One of Diageo’s smallest and most obscure distilleries, Glen Spey was built in Rothes in 1878. The distillery was soon acquired by W & A Gilbey (more famous for their gin), who merged into International Distillers and Vintners in 1962. IDV subsequently became part of Grand Metropolitan, which merged with Guinness to become Diageo in 1997.
Glen Spey has been supplying the J&B blend since the days of IDV, and official bottlings are extremely scarce. An official 8-year-old was bottled in the 1980s during the GrandMet era, but this was the first and only OB until the Flora & Fauna 12-year-old appeared from Diageo in 2001, since which there have been only a couple of single cask bottlings and one Special Release in 2010. Independent bottlings of Glen Spey are easy to find, with highly rated 1970s vintages by First Cask, Jack Weiber and Dewar Rattray among others.
Distillery bottlings are, as the name suggests, bottled by or for the distillery from which the whisky has originated and are thus often referred to as Official Bottlings or OBs. Distillery bottlings are generally more desirable for collectors and usually fetch higher prices at auction than independent bottlings. They are officially-endorsed versions of the whisky from a particular distillery and are therefore considered the truest expression of the distillery’s character.

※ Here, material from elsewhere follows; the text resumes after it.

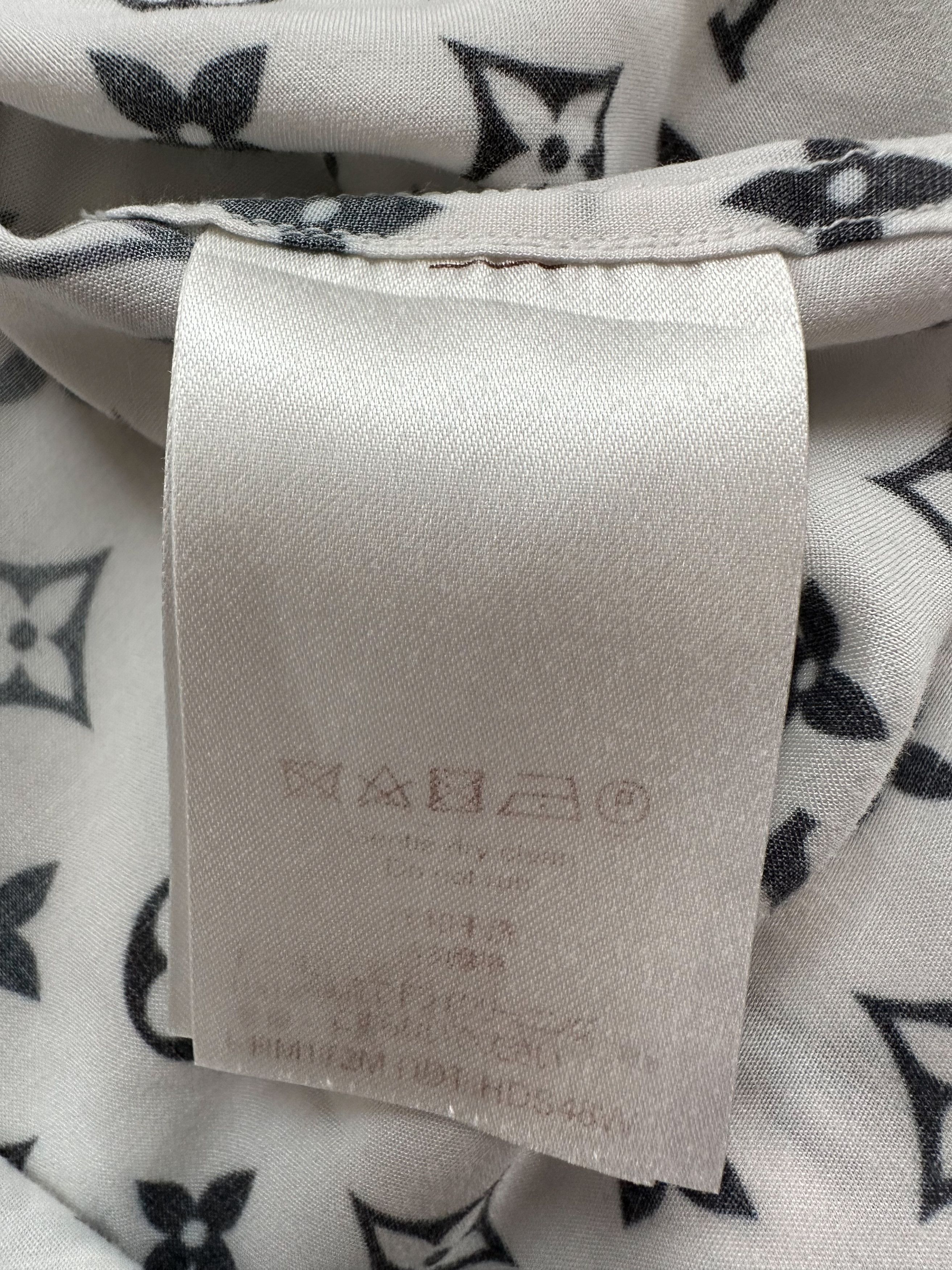 Fragment Design × Louis Vuitton Louis Vuitton Fragment White & Black Button Up Shirt Size US S / EU 44-46 / 1 - 4 Thumbnail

This ideal of the distillery character is regarded so seriously by the distilleries and brand owners that casks of whisky that are considered to vary too far from the archetype are frequently sold on to whisky brokers and independent bottlers. When this happens, it is often with the proviso that the distillery’s name is not allowed to be used when the cask is bottled for fear of diminishing or damaging the distillery’s character and status.